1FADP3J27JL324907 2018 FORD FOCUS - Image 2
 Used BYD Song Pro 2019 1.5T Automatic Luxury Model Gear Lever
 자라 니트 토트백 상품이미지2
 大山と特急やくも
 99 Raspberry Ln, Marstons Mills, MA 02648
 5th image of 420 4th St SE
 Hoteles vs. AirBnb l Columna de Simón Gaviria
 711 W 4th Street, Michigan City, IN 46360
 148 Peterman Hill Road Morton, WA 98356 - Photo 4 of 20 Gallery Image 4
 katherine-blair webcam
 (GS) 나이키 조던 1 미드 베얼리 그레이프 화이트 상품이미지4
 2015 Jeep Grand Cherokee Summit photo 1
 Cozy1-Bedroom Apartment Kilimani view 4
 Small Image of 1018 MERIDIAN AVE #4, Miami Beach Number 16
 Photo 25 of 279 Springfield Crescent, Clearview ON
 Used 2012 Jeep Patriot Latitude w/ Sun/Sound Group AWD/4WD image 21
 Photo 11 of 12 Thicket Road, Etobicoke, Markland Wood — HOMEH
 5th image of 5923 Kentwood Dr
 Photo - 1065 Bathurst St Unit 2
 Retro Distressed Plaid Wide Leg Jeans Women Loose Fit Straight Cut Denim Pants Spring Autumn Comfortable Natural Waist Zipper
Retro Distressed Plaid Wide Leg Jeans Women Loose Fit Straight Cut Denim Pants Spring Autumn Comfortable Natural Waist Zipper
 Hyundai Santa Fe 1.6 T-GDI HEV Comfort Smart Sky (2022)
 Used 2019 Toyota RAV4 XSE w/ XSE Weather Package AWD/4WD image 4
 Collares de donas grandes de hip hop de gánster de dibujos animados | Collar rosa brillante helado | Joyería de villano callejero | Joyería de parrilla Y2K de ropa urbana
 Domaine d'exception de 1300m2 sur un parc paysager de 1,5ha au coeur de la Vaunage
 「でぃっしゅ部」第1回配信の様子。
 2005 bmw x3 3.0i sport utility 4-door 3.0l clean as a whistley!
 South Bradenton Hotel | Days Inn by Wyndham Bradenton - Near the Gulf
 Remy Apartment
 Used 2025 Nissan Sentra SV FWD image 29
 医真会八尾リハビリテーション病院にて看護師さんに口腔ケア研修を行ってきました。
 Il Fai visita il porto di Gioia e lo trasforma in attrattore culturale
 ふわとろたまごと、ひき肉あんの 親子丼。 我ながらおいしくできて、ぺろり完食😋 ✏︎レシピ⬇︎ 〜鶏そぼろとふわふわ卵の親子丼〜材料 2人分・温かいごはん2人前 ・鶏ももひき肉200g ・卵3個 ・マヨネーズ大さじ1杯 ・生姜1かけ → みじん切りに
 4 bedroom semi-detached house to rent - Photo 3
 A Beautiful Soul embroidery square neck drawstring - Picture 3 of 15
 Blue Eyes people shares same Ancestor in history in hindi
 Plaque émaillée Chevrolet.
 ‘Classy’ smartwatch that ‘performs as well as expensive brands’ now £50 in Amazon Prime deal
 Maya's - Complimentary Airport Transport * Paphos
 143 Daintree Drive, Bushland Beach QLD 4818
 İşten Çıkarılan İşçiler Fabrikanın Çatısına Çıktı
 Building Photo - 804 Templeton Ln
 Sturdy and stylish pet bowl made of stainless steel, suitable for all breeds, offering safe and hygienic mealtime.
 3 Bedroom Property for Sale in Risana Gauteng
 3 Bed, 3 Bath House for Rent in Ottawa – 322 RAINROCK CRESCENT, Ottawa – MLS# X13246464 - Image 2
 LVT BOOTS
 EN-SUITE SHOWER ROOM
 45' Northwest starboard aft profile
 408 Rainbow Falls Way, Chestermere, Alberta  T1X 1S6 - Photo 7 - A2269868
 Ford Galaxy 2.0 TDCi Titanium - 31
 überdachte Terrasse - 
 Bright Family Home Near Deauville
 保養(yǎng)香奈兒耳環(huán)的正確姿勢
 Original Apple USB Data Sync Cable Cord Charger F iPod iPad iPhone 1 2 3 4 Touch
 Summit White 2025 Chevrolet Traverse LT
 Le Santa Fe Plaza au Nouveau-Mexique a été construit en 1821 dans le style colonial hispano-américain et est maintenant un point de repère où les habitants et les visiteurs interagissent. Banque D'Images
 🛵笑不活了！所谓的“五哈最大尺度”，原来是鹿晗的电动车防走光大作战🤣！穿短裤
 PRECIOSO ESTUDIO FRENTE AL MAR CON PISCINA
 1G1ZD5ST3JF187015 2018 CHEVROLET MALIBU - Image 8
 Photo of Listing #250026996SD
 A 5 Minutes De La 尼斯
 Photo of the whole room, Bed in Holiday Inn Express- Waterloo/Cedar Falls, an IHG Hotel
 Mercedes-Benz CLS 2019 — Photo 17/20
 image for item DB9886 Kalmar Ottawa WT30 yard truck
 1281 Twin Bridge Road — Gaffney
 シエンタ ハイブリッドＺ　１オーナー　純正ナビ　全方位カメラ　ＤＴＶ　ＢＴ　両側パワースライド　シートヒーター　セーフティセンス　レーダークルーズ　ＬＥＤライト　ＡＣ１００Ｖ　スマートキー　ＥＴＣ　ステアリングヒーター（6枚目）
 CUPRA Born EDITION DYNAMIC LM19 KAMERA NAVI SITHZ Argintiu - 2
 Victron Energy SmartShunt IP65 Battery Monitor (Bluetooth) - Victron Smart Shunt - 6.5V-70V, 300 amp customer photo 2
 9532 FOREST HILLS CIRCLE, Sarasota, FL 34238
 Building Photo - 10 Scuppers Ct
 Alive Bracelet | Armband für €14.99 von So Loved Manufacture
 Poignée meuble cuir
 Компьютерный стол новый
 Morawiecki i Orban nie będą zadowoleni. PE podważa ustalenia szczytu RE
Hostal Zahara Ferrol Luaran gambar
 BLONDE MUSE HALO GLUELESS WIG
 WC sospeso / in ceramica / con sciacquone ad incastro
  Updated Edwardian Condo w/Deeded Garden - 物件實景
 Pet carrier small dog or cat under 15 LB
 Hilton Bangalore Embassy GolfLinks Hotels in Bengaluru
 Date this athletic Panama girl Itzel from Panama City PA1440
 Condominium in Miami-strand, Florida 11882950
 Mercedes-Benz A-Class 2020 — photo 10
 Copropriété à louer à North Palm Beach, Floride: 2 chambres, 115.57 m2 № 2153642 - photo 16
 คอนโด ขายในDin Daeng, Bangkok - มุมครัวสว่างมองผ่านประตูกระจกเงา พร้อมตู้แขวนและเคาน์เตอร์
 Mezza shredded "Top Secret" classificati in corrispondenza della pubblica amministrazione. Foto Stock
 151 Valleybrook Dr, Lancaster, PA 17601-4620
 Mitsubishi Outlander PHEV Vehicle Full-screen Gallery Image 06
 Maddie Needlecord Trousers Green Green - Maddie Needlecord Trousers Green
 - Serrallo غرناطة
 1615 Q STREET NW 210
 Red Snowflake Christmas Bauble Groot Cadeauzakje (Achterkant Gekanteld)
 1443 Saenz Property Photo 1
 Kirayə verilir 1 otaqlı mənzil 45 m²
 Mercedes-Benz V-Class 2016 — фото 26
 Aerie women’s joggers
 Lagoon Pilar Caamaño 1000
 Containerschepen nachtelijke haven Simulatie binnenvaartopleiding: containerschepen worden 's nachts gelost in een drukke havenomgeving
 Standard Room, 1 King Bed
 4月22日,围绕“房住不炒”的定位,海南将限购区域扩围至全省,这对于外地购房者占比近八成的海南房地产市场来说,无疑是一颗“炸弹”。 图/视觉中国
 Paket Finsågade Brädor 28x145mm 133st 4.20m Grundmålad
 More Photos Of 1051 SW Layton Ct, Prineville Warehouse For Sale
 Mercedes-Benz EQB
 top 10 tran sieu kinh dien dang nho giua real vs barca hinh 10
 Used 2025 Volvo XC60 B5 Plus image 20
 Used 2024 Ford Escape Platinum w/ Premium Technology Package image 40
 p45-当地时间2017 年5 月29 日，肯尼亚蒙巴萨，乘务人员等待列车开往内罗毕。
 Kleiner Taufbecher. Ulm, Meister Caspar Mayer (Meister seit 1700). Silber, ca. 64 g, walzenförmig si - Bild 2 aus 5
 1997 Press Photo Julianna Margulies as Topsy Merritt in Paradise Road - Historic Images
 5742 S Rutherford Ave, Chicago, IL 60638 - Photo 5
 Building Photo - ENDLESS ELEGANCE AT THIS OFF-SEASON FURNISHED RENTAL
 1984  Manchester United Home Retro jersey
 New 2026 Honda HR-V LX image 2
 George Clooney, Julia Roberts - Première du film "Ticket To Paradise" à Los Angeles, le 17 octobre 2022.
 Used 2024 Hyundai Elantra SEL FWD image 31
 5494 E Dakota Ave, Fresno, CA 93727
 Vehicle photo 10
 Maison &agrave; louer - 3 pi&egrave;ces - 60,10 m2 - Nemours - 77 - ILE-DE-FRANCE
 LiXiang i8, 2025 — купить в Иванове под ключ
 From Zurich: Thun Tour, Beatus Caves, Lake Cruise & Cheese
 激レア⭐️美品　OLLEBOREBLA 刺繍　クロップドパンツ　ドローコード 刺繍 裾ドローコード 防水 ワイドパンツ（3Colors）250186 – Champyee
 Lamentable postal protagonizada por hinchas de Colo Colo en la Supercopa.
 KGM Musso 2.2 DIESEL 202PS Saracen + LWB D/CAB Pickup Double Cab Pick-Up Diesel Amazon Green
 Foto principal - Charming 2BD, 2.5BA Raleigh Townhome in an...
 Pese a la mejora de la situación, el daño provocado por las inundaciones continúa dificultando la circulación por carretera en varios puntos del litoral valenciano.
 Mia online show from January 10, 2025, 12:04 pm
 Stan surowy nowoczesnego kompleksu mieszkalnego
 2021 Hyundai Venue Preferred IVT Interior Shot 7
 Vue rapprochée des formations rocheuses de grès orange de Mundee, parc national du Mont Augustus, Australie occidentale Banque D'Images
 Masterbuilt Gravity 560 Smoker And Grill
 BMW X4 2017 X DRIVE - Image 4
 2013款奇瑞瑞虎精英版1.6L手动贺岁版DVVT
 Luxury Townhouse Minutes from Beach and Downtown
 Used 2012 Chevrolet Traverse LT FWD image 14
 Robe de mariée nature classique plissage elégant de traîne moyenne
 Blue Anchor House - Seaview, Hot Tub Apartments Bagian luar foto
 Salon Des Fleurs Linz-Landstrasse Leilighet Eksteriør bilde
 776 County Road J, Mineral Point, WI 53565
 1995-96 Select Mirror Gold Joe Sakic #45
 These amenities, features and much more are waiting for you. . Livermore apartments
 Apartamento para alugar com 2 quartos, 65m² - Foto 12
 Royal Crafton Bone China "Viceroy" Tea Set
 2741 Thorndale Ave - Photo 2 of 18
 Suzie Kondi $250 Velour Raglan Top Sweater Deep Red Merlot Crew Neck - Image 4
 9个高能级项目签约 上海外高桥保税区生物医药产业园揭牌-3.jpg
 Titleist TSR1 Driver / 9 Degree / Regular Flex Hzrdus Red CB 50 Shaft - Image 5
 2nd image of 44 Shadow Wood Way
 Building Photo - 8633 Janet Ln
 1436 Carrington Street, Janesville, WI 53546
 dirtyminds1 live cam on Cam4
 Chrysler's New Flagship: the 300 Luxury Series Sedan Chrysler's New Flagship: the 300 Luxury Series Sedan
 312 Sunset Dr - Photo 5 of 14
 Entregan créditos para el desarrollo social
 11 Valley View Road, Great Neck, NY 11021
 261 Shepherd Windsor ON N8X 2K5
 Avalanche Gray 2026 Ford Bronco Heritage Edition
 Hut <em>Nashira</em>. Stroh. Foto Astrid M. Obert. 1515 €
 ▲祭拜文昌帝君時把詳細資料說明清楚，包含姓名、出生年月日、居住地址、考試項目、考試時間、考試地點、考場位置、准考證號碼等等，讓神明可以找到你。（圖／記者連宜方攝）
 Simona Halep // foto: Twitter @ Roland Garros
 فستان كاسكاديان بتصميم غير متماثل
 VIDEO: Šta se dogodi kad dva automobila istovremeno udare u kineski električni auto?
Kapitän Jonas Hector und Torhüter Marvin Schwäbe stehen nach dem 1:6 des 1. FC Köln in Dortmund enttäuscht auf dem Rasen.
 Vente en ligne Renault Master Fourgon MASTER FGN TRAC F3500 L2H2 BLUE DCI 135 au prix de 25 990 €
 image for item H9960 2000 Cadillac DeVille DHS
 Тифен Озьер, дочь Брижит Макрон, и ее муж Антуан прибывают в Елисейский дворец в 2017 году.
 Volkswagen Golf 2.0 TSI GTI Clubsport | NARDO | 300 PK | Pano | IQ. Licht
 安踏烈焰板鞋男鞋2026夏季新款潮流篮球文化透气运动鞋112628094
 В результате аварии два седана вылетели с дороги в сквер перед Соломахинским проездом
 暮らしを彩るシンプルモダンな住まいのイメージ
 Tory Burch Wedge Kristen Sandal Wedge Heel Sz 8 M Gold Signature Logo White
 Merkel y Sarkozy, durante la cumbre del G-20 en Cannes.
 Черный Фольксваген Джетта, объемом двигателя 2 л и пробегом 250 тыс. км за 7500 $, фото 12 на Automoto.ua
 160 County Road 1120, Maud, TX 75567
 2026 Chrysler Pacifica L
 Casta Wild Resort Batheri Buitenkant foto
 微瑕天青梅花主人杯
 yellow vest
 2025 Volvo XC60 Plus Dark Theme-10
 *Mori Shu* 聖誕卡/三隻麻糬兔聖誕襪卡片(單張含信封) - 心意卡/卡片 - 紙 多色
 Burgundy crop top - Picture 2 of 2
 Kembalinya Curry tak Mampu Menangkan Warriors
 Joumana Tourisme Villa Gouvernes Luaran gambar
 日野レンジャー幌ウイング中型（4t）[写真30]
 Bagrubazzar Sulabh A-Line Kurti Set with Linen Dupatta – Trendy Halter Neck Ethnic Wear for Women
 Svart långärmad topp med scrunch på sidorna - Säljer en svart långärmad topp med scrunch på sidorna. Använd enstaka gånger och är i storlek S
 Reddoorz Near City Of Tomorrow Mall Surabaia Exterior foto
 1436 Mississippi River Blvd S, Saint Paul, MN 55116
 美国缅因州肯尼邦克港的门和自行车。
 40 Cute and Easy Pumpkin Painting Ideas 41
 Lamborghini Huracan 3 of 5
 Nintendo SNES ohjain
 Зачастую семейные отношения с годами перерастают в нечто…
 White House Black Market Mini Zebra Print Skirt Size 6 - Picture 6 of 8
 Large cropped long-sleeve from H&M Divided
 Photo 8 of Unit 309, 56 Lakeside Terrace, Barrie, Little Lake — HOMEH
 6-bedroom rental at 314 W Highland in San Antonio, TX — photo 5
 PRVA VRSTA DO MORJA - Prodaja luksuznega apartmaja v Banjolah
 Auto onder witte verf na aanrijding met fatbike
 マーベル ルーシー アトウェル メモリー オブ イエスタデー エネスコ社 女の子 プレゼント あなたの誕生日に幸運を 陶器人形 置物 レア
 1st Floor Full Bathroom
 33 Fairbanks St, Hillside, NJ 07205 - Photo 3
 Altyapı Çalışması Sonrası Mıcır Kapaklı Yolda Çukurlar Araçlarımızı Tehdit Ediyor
-*-
== THE TASK ==
From the data above, output exactly the lines between the one containing "Компьютерный стол новый" and the one containing "p45-当地时间2017 年5 月29 日，肯尼亚蒙巴萨，乘务人员等待列车开往内罗毕。", counting both of them.

== SOLVED PROBLEM ==
 Компьютерный стол новый
 Morawiecki i Orban nie będą zadowoleni. PE podważa ustalenia szczytu RE
Hostal Zahara Ferrol Luaran gambar
 BLONDE MUSE HALO GLUELESS WIG
 WC sospeso / in ceramica / con sciacquone ad incastro
  Updated Edwardian Condo w/Deeded Garden - 物件實景
 Pet carrier small dog or cat under 15 LB
 Hilton Bangalore Embassy GolfLinks Hotels in Bengaluru
 Date this athletic Panama girl Itzel from Panama City PA1440
 Condominium in Miami-strand, Florida 11882950
 Mercedes-Benz A-Class 2020 — photo 10
 Copropriété à louer à North Palm Beach, Floride: 2 chambres, 115.57 m2 № 2153642 - photo 16
 คอนโด ขายในDin Daeng, Bangkok - มุมครัวสว่างมองผ่านประตูกระจกเงา พร้อมตู้แขวนและเคาน์เตอร์
 Mezza shredded "Top Secret" classificati in corrispondenza della pubblica amministrazione. Foto Stock
 151 Valleybrook Dr, Lancaster, PA 17601-4620
 Mitsubishi Outlander PHEV Vehicle Full-screen Gallery Image 06
 Maddie Needlecord Trousers Green Green - Maddie Needlecord Trousers Green
 - Serrallo غرناطة
 1615 Q STREET NW 210
 Red Snowflake Christmas Bauble Groot Cadeauzakje (Achterkant Gekanteld)
 1443 Saenz Property Photo 1
 Kirayə verilir 1 otaqlı mənzil 45 m²
 Mercedes-Benz V-Class 2016 — фото 26
 Aerie women’s joggers
 Lagoon Pilar Caamaño 1000
 Containerschepen nachtelijke haven Simulatie binnenvaartopleiding: containerschepen worden 's nachts gelost in een drukke havenomgeving
 Standard Room, 1 King Bed
 4月22日,围绕“房住不炒”的定位,海南将限购区域扩围至全省,这对于外地购房者占比近八成的海南房地产市场来说,无疑是一颗“炸弹”。 图/视觉中国
 Paket Finsågade Brädor 28x145mm 133st 4.20m Grundmålad
 More Photos Of 1051 SW Layton Ct, Prineville Warehouse For Sale
 Mercedes-Benz EQB
 top 10 tran sieu kinh dien dang nho giua real vs barca hinh 10
 Used 2025 Volvo XC60 B5 Plus image 20
 Used 2024 Ford Escape Platinum w/ Premium Technology Package image 40
 p45-当地时间2017 年5 月29 日，肯尼亚蒙巴萨，乘务人员等待列车开往内罗毕。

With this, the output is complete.